One amendment approved in a Senate committee removed a government appropriation to pay for that data collection and tracking. The change replaced “ongoing appropriations” with “appropriations or gifts, grants, or donations,” and Ball said that lawmakers have a letter of intent from the Psychedelic Science Funders Collaborative—a nonprofit that supports advancing psychedelic therapy—to fund the program for the entirety of its five-year duration.

Feret also noted on the House floor Monday that the data-tracking “will be funded by grant dollars, so we will not be taking any more money from this.”

The bill in its current form would earmark $208,240 in gifts, grants and donations to the governor’s office of information technology. “To implement this act, the office may use this appropriation to provide information technology services for the department of public health and environment,” the Senate-amended version says.

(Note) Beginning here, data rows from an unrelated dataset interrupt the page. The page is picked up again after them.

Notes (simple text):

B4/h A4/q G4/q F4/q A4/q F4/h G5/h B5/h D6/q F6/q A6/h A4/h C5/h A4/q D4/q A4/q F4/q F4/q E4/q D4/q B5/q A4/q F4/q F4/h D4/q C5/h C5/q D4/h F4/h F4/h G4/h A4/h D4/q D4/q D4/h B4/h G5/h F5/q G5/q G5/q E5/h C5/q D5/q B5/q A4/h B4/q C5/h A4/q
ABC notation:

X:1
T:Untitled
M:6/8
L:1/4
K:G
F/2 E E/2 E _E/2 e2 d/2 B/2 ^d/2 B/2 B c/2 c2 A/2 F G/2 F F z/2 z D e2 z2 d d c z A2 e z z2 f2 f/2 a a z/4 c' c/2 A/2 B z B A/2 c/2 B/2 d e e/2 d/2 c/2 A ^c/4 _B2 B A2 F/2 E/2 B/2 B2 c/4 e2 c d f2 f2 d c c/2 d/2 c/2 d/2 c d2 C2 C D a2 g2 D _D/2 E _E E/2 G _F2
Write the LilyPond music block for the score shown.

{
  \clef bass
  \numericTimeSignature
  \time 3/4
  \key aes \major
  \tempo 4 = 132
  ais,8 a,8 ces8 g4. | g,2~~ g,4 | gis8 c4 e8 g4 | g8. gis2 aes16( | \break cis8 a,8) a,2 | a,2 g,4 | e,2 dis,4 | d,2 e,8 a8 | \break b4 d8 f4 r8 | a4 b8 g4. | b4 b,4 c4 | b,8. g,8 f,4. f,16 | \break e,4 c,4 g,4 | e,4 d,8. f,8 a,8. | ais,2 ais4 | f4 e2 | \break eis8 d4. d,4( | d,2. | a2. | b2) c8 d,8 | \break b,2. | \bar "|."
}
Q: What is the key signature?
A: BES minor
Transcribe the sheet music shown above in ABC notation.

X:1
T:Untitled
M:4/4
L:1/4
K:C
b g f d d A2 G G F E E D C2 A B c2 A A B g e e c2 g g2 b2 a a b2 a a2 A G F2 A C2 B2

The legislation would further amend rules around licensing and ownership of psychedelic healing centers. For example, it removes a requirement for fingerprint background checks for owners and employees of licensed facilities, making it so they would only be subject to a name-based criminal background check.

It additionally “requires the state licensing authority to adopt rules related to product labels for regulated natural medicine and regulated natural medicine products and permits the state licensing authority to adopt rules regarding the types of regulated natural medicine products that can be manufactured.”

The proposal overall has support from an array of advocates, including psychedelic medicine proponents as well as groups more skeptical of legalization. Public commenters at a hearing last month seemed to agree that the bill’s data collection provisions would help observers both inside and outside Colorado better understand the outcomes around regulated psychedelics.

Meanwhile in Colorado, last month the governor signed into law a bill that would allow a form of psilocybin to be prescribed as a medication if the federal government authorizes its use.

While Colorado already legalized psilocybin and several other psychedelics for adults 21 and older through the voter-approved ballot initiative, the newly enacted reform will make it so drugs containing an isolated crystalized version synthesized from psilocybin can become available under physician prescription.

As of January, meanwhile, Colorado regulars have been authorized to approve licenses for psilocybin service centers where adults can access the psychedelic in controlled settings.

The governor signed a bill to create the regulatory framework for legal psychedelics in 2023.

But lawmakers evidently are interested in setting the state up to allow for a more conventional system of distribution for certain psychedelics. In 2022, Polis also signed a bill to align state statute to legalize MDMA prescriptions if and when the federal government ultimately permits such use.

Whether FDA moves forward with any such approvals in uncertain, and the agency faced criticism last year after rejecting an application to allow MDMA-assisted therapy for people with PTSD.

Meanwhile in Colorado, a bill that would have limited THC in marijuana and outlawed a variety of psilocybin products will no longer move forward this session following the lead sponsor’s move to withdraw the bill.